●たまたま読んだ日経新聞の記事にこんなものがありました。「市制返上で「夕張町」の手も」(窮迫地方財政)」です。岩手県に、人口5万人を超える村があり、市にはならないというもの。市になると、福祉事務所の設置など様々な事務処理が義務づけられるが、村なら県の事務としてやってももらえるので、市には昇格しないとしないというポリシーとのこと。
●内容は、夕張市も例えば、市制を返上して身の丈にあった行政事務を取り扱うようスリム化するのも一つの手段ではないかというものでした。「なるほどな」と思いつつ、市町村制度の欠陥でもあるのかなと思ったりもしました。一旦「市」になってしまうと、様々な事務を処理する必要に迫られますが、市民にとっては、身近な「市」が市民ニーズに合わせて行政を行ってもらえれば、それはプラスと言えます。ただし、それは、本来の「市」という規模があってこそのもの。人口が減り実質的に「市」とはいえない規模になってしまった自治体が「市」として行政を行えば、大なり小なり歪みは生ずるもの。今までは、それを交付税が補ってきました。

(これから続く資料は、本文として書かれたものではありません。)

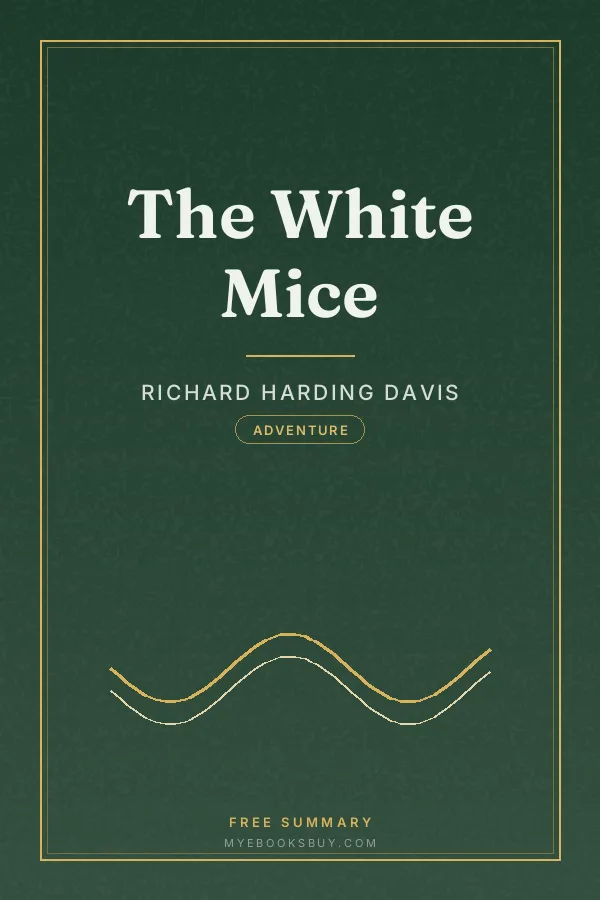 Cover of The White Mice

●三位一体改革で、一気のこの欠陥が吹き出したと言っても良いでしょうね。その意味で、三位一体改革は、ハードランディング路線だとも言えるでしょう。
●三位一体改革を進める過程では、このようなことは起こりうる訳で、自治体の破綻法制を含めた地方自治制度改革は、本来、三位一体改革と併行して進めるべきだったんだと思います。
●さて、その人口5万人を超える「村」とは、滝沢村です。村のホームページを見ると、村の「行政経営理念」や「村政経営に係る村長方針の展開」を定め、行政には珍しく、マネジメント意識の高い自治体のようです。
●今回、市制に移行しないのも、「分権の時代にそぐわないが、財政面での国の締め付けが厳しいから」と村長は語っています。この辺が「県」、「市」、「町」、「村」という現在の画一的な地方自治制度の問題点のようです。住民自治の観点から住民がどのようなレベルの行政水準を望むか、それに合わせた自治体経営が行うことができるようにしても良いのかもしれません。
●道州制も新たな自治行政の枠組みという意味では同様だと思います。
●さて、高橋知事も22日の記者会見で財政危機を迎えている歌志内市などについて、「市から町になることも検討の余地あり」とのコメントを残しています。今後、この問題がどんな展開をしていくか見守りたいと思います。